Jakarta – Anggota Komisi VII DPR RI, Andhika Satya Wasistho, mendesak TVRI melakukan optimalisasi anggaran serta diversifikasi sumber pendanaan untuk memperkuat perannya sebagai lembaga penyiaran publik.
Desakan tersebut disampaikan dalam Rapat Dengar Pendapat (RDP) terkait pembahasan RKA-KL dan RKP-KL Tahun Anggaran 2027 di Gedung Nusantara I, Senayan, Jakarta, Rabu (17/6/2026).
Andhika menyoroti penurunan pagu indikatif yang diterima TVRI tahun ini.
Meski demikian, ia mendorong lembaga tersebut memanfaatkan skema pinjaman luar negeri agar tetap mampu menjalankan program strategis, terutama dalam meningkatkan kualitas layanan kepada masyarakat.

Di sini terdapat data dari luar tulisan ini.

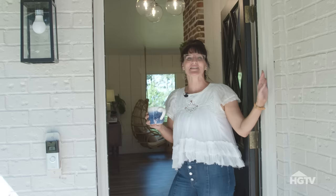Oh hey, HGTV. It's Lindsay from Unsellable Houses. Welcome to my country cottage. Come on in.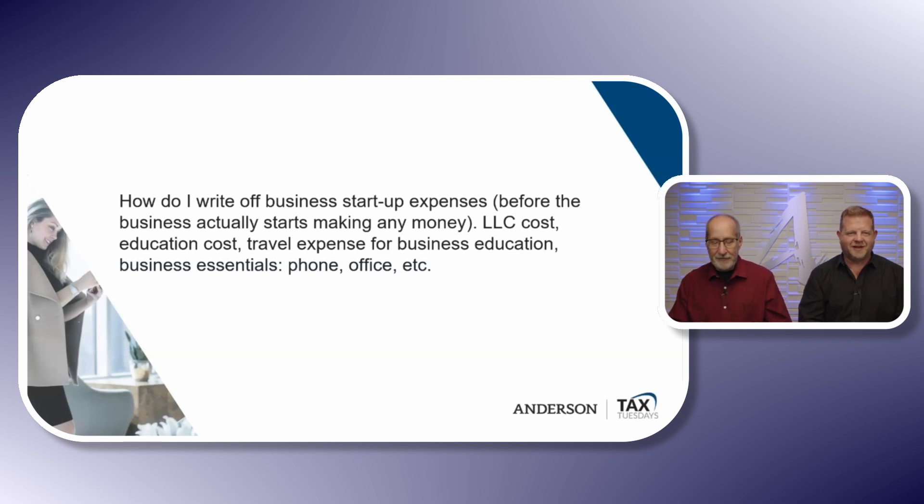Where can you find a list of write-offs in your category? You'd talk to Jeff. We have a bunch of different types of expenses, but it depends on what you're doing. It's just one of those things — I wish there was a simple answer, but there's not.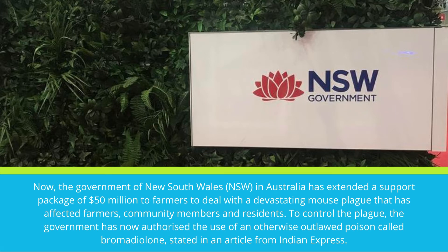To control the plague, the government has now authorized the use of an otherwise outlawed poison called bromadiolone.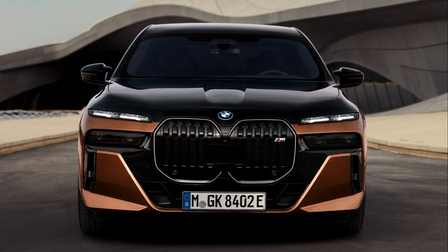Coming later this year, the 2024 BMW i7 M70 xDrive will be the most powerful electric model touched by BMW's M division.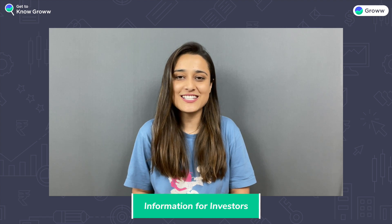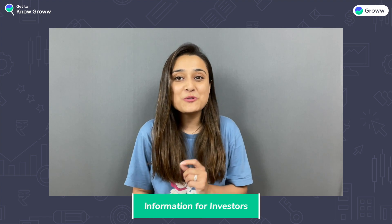Hi, as you know, Grow is an investment platform. As a registered client, you can invest your capital in very simple ways in various investment options, such as stocks, mutual funds, etc.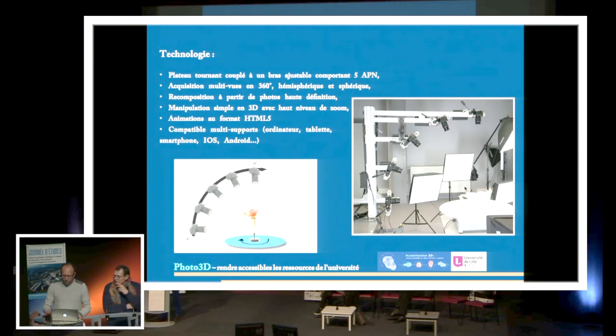Et surtout, ces animations doivent être adaptables au niveau des enrichissements — comme Pierre-Yves vous l'a dit, on peut facilement les reprendre et adapter un scénario pédagogique sur ces animations.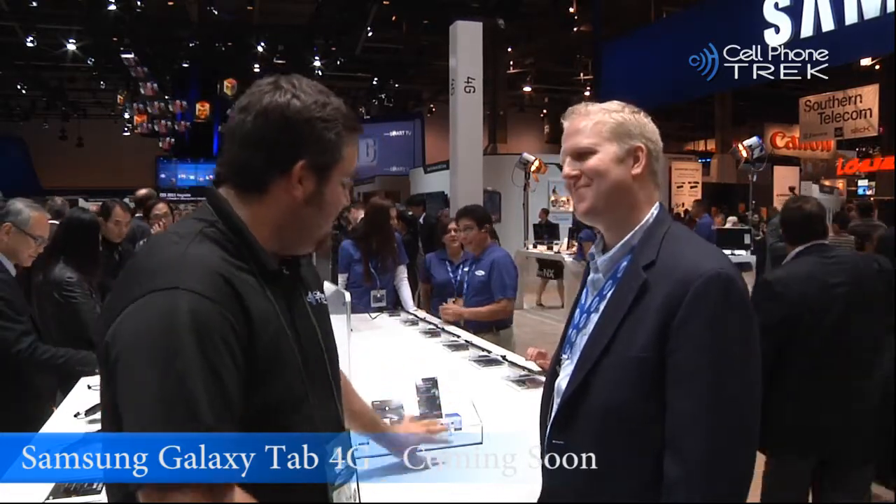What we have here is just one of three products that we announced with Verizon just a few days ago here at CES — the Samsung 4G LTE mobile hotspot.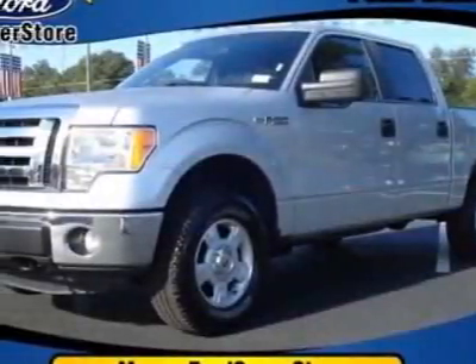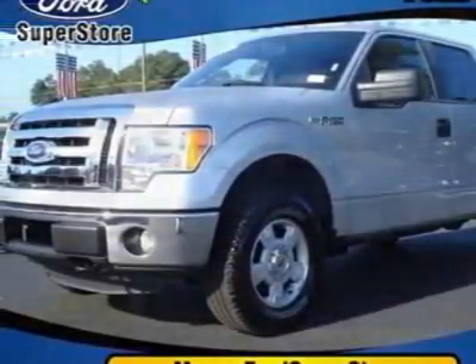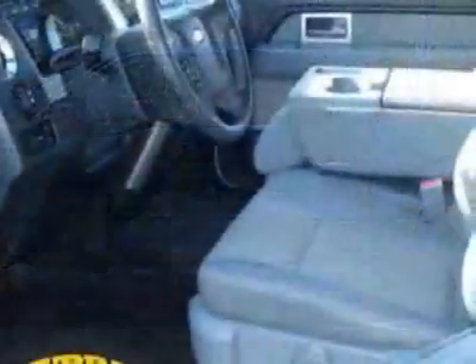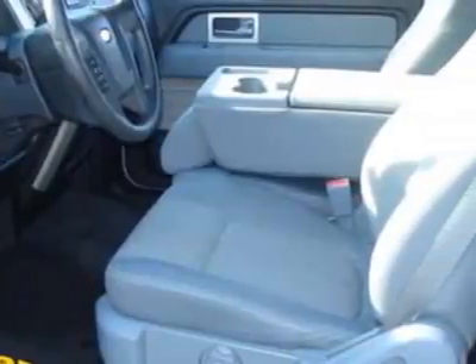Check out this 2011 Ford F-150. This F-150 has just under 18,500 miles. For your protection, a service contract is available.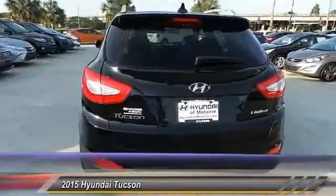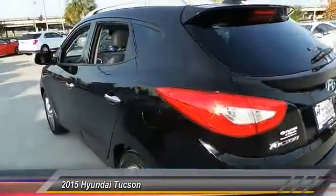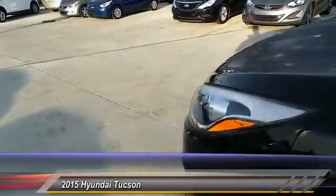Additional features include a leather-wrapped steering wheel, Bluetooth, driver airbag, and adjustable steering wheel. This vehicle offers reliability and good looks at a great price, so come in and take a test drive today.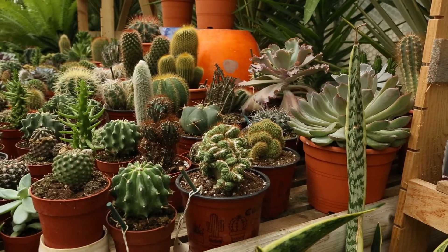I think cacti are a really good plant to start off with if you're interested in growing and creating a mini jungle or an exotic garden in your home, because they need very little care.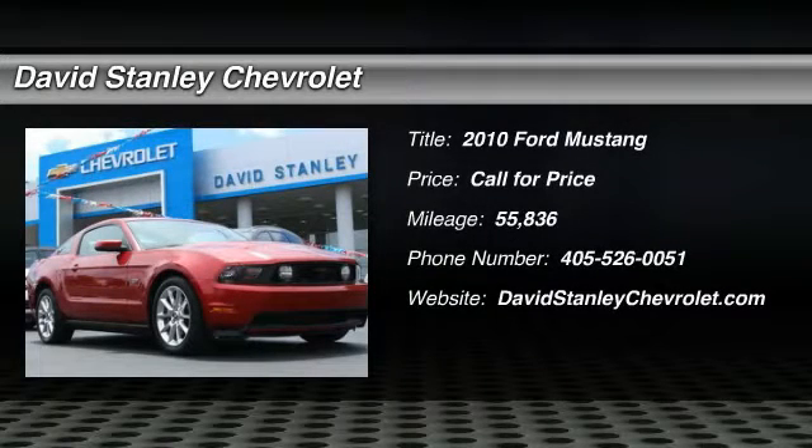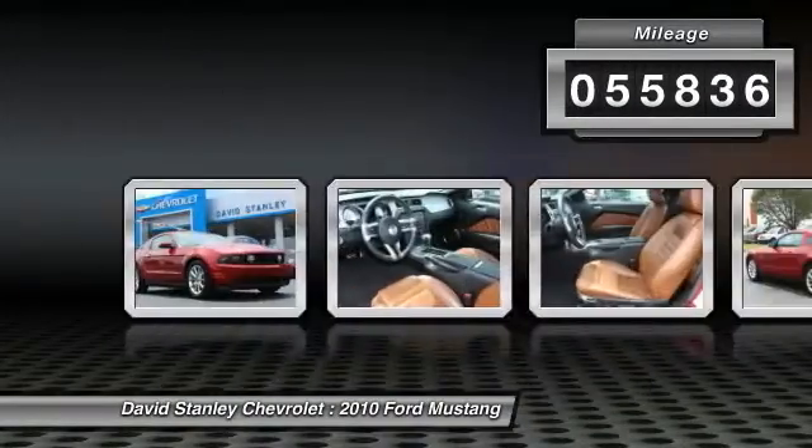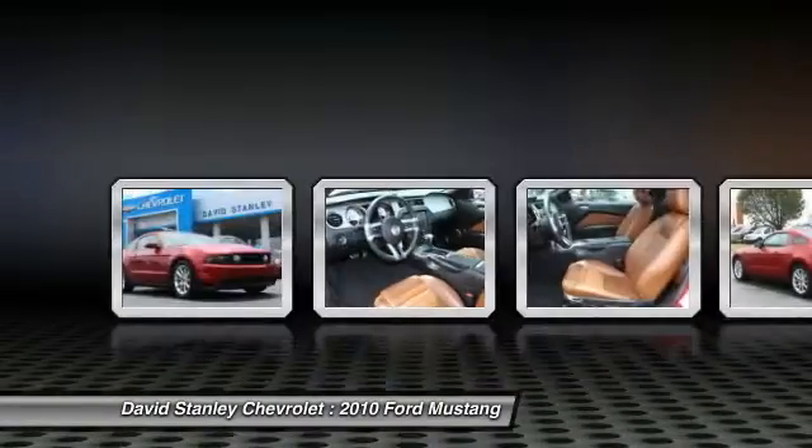The 2010 Mustang. The Mustang is race worthy and ready for the track. This vehicle has less than 60,000 miles. Here are some of this vehicle's great options.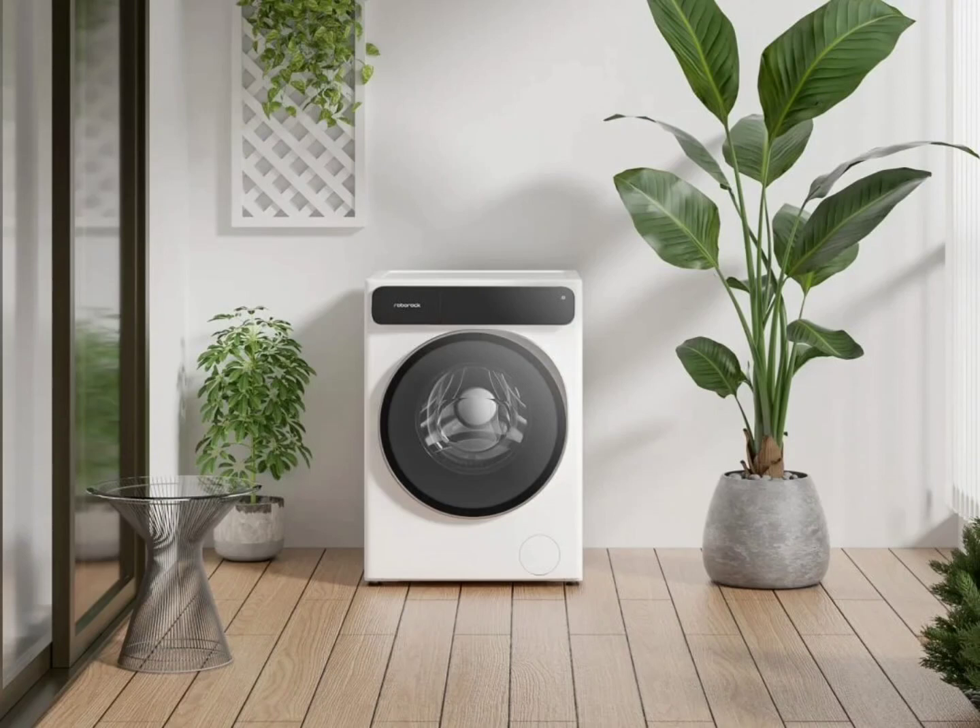Secondly, the 7000 Pascal suction full rubber main brush is another important feature of the Roborock P10 Pro. This powerful vacuum cleaner can easily suck up dust and small particles, and it can also easily remove hair in minutes.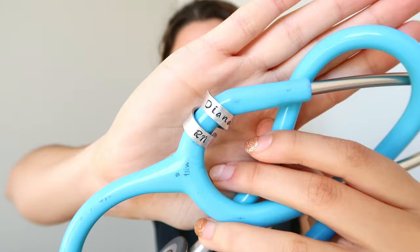For stethoscope accessories, I showed a stethoscope holder in my nursing school supplies video — definitely get one to protect your stethoscope while traveling. My boyfriend also got me a super cute stethoscope charm — it has my name on it and 'RN,' and you just attach it to your stethoscope. I think it's so cute, a really personalized touch. They have them all over Etsy so go check it out.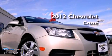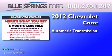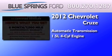This is a 2012 Chevrolet Cruze. This car has an automatic transmission and an inline four-cylinder engine.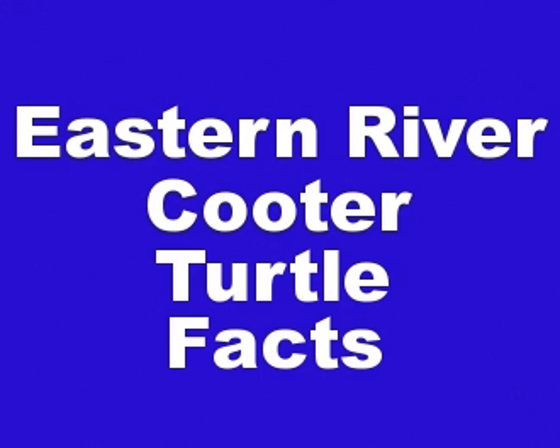And that's basically it for Eastern River Cooter turtle facts. If you liked this video, please take a moment and comment below, watch other videos on our channel, and subscribe to our channel as well.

“TVRI sebagai lembaga penyiaran publik memiliki fungsi pelayanan masyarakat. TVRI bukan media komersial yang berorientasi keuntungan, melainkan penyedia informasi, pendidikan, budaya, sekaligus perekat persatuan bangsa,” ujar legislator dari Fraksi Partai Golkar tersebut.
Menurut Andhika, negara wajib menjamin pemerataan akses informasi, termasuk bagi masyarakat di wilayah tertinggal, terdepan, dan terluar (3T).
Oleh karena itu, tambahan anggaran bagi TVRI harus diprioritaskan untuk penguatan infrastruktur penyiaran dan transformasi digital.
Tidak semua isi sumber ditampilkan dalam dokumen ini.